Today's weather went from hot and humid to dry, cool and breezy. Summer to Autumn in just a few hours... sometimes change comes at us quickly, but more often it comes oh so gently, quietly creeping up. What happened? Where did the time go? You were just 5 years old and now your 33.
One Sunday afternoon, we are all eating at grandma's for dinner and then some strangers are living in her house.
I'm still here. You are still here and we all move forward... watching all the changes occur, some subtle, some come at us ferociously.
Just today I saw the Japanese maple across the street from my moms. It had one orange leaf among all the green leaves. Just one.
Tomorrow that will change.
Cycles are so much more obvious to me in Autumn and Spring. I observe more, I am aware.

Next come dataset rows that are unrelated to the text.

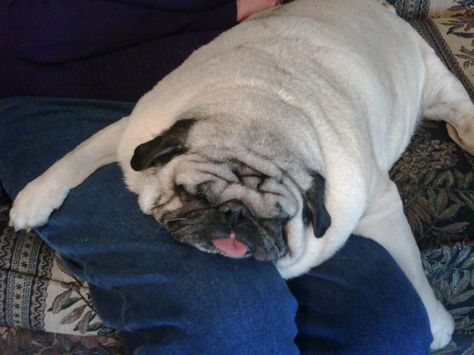 Fat Pug, Silly Animal Pictures, Baby Pugs, A Pug, Pugs Funny, Cute Pugs, Silly Animals, Kawaii Animals, Pug Love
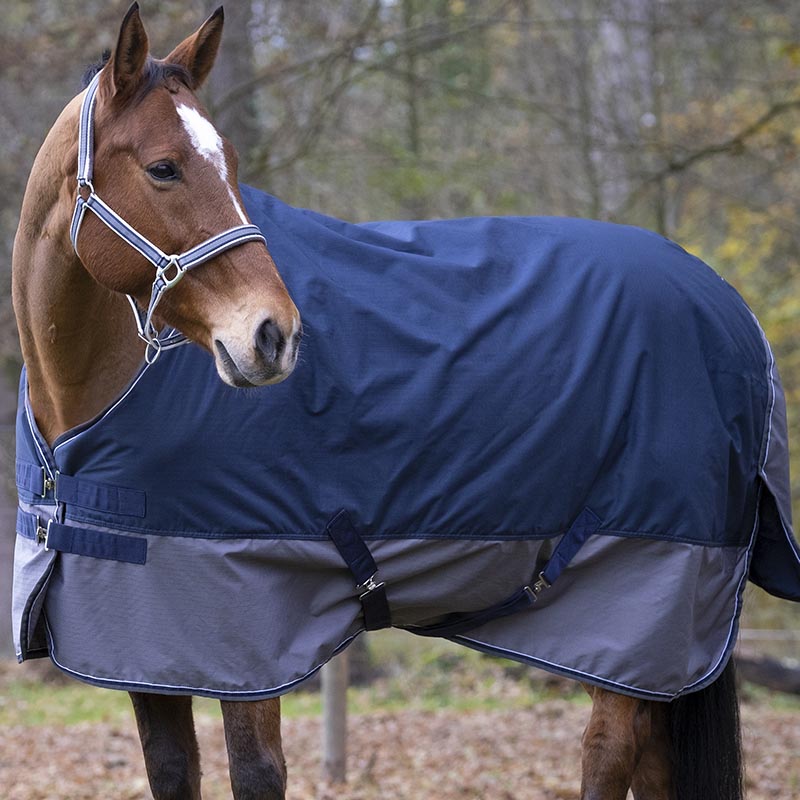 Come scegliere una coperta per cavallo
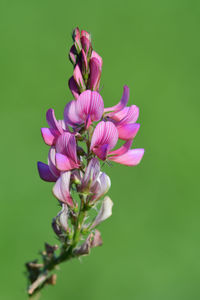 Close up of common sainfoin in bloom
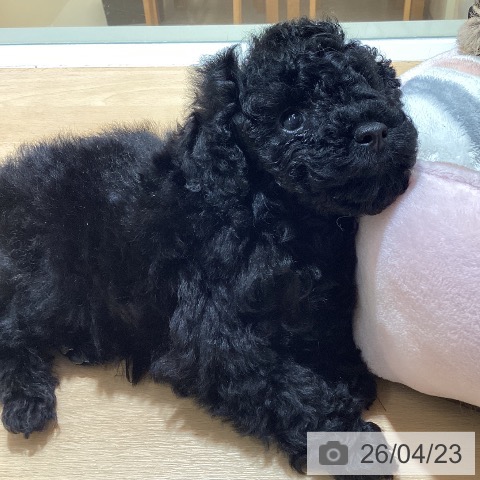 トイ・プードルの写真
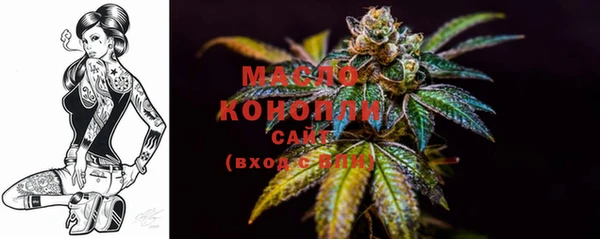 дмт Абинск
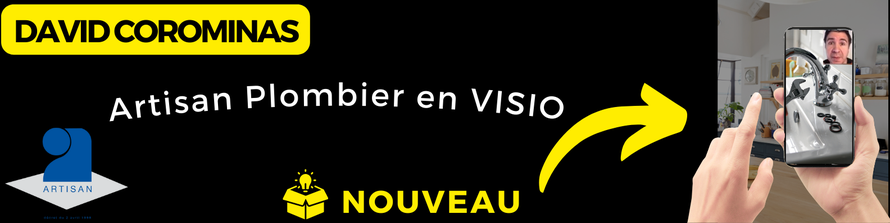 Un client recevant des conseils en visioconférence.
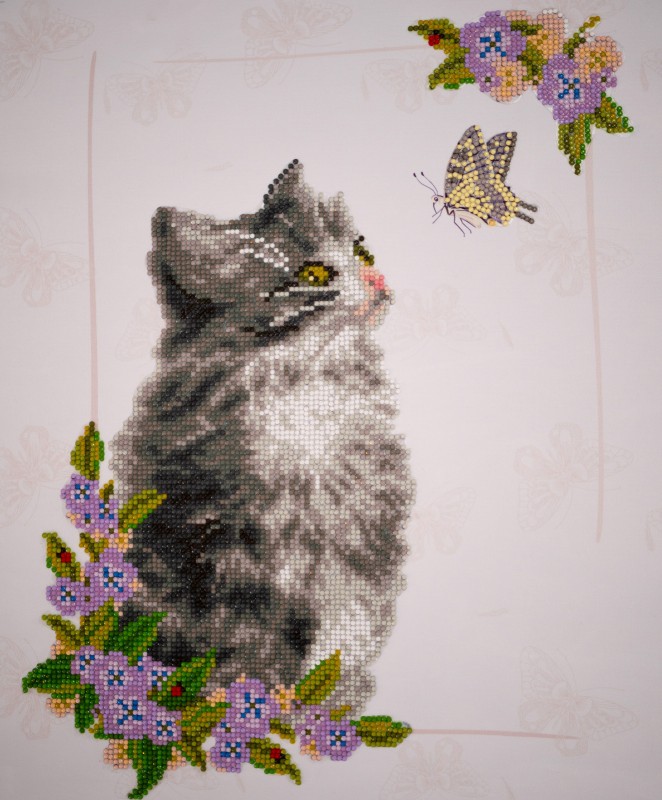 Curious Kitten Curious Kitten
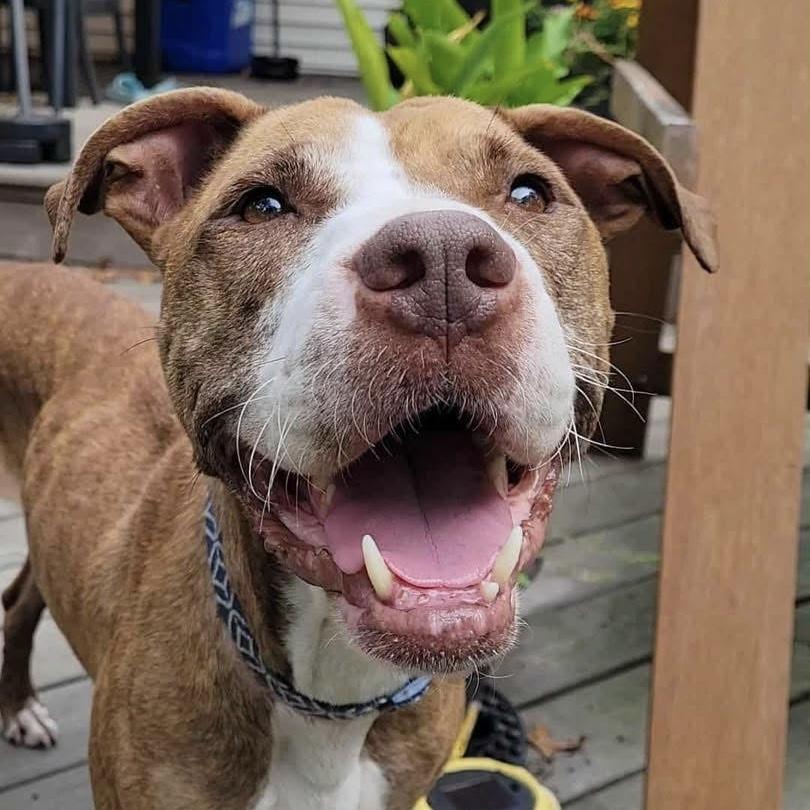 Sugar, a Adoptable mixed breed in Yaphank, NY image 6/6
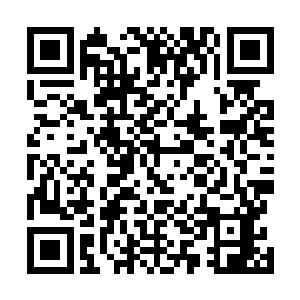 董小忍于是就和君陌非手拉着手坐在沙发上看着电视节目二维码生成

I want things to linger. I want to savor it, hang on to it. Not so much in winter and summer. Too extreme for me and it is fine that they pass quickly.
I want to hang on to children, savor their childishness and innocence. I watch my students change from year to year. I am watching my mother age, my son be an adult.
Where the sacredness comes in is in the allowing. Allowing it all gracefully. Accepting change, knowing with it comes renewal, growth, spiritual growth.
If it does not pass away, there cannot be seeds for the future.
I want to see it all through sacred eyes, graceful, sacred eyes.
1 comment:
Wow, you summed up how I feel on a daily basis. I can't stop fathoming how the years just whiz right on past. I often have memory flashbacks during naps on the weekend and get weepy for all those little moments that I will never enjoy again. And where will those memories end up one day?